MATERIAL PROVIDED —

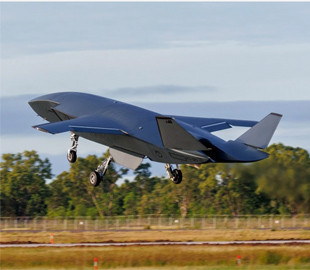 Австралійські розробники представили новий бойовий дрон MQ-28A Ghost Bat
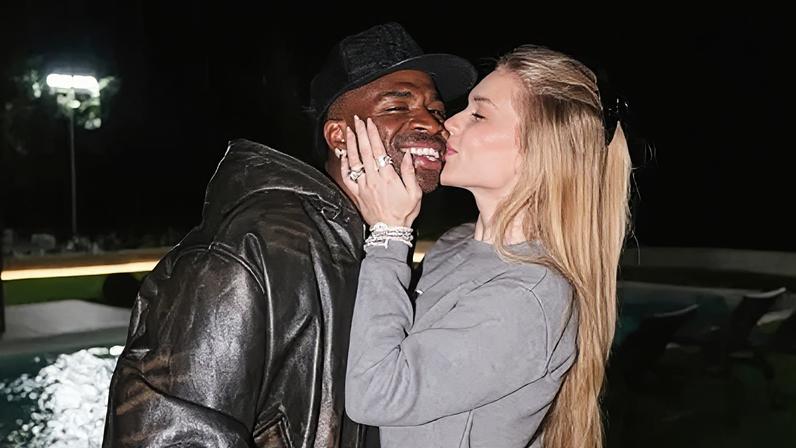 Vini Jr exalta Virgínia em aniversário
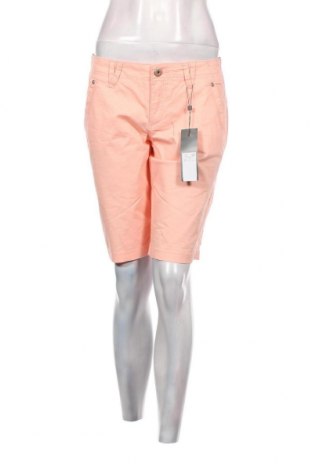 Pantaloni scurți de femei Street One, Mărime M, Culoare Roz, Preț 42,63 Lei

YOUR GOAL —
Reproduce the material word for word, but without its images.

ANSWER TO THIS PROBLEM —
 Австралійські розробники представили новий бойовий дрон MQ-28A Ghost Bat
 Vini Jr exalta Virgínia em aniversário
 Pantaloni scurți de femei Street One, Mărime M, Culoare Roz, Preț 42,63 Lei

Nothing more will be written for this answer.